In a series of three opinions, all relating to trusts created for the benefit of members of the Peierls Family, the Delaware Supreme Court has offered clarification as to when Delaware law applies to a trust that previously was administered in another state.
Several of the trusts at issue included provisions directing that the validity and effect of the trusts was to be determined by the laws of either New York or New Jersey (depending on the particular trust). The trusts allowed for the appointment of successor Trustees without any geographic restriction (i.e., the successor Trustee could be domiciled in any state).
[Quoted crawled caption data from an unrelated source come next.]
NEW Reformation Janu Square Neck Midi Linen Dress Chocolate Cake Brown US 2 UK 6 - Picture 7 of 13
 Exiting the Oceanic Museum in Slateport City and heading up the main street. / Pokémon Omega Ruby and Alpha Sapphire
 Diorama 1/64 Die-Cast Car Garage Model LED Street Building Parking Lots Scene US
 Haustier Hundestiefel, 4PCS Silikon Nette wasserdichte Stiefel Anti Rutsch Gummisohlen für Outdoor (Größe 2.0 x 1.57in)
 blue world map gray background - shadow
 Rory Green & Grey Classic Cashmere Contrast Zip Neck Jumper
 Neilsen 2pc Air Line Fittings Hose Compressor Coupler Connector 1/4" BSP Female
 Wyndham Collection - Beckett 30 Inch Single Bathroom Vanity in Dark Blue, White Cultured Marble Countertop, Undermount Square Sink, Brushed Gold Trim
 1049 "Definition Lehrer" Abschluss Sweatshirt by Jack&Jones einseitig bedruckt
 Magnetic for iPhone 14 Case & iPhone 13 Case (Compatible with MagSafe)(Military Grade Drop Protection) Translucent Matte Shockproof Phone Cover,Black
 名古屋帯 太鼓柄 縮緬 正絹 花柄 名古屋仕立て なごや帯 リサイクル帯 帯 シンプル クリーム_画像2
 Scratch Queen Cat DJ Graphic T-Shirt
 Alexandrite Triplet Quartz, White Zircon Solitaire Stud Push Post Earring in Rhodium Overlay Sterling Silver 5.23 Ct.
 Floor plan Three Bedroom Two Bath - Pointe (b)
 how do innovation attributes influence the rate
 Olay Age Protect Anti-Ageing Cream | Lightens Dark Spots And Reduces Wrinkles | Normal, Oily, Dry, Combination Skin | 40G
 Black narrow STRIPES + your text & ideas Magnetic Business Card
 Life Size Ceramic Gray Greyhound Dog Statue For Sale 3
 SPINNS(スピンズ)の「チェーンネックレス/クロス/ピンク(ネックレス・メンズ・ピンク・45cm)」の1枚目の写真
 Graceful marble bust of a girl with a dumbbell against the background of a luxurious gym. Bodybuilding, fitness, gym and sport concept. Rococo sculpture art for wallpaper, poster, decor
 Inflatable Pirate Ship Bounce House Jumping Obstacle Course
None of the Trustees of the trusts were domiciled in Delaware.
The beneficiaries petitioned the Delaware Court of Chancery to: (1) allow the current Trustees of each trust to resign; (2) appoint a Delaware trust company as sole Trustee; (3) reform each trust to allow a sole Trustee to act; and (4) reform each trust by converting them into "directed trusts," with a Trust Protector and an Investment Advisor.
The Delaware Court of Chancery has the power to reform a trust under Court of Chancery Rules 100 through 103, which it adopted effective May 1, 2012. However, those rules only apply to trusts to which Delaware law applies. Since the Peierls trusts did not yet have a Delaware Trustee, the Court of Chancery concluded that Delaware law did not apply to the trusts, and thus it did not have the jurisdiction to make the requested reformations. The Delaware Supreme Court affirmed.
The Delaware Supreme Court concluded that the law governing a trust is the law designated in the trust agreement (even if designated indirectly, as long as the Settlor "manifested an intention" that a particular state's law should govern). In the absence of such a provision, the law that governs is that of the state to which the administration of the trust is most substantially related.
However, even if the trust agreement designates a particular state law to govern, there is no presumption that the Settlor thereby intended that the governing law could not change in the future. So, if the trust agreement allows for the appointment of successor Trustees without any geographic restriction, the Settlor is consenting thereby to the possibility of a different law someday governing the trust (since the administration of the trust will be deemed to take place in the state in which the Trustee is domiciled). Accordingly, the appointment of a Delaware Trustee can be sufficient to change the trust's governing law to that of Delaware, even if the trust agreement expressly provides that it is to be governed by the law of another state.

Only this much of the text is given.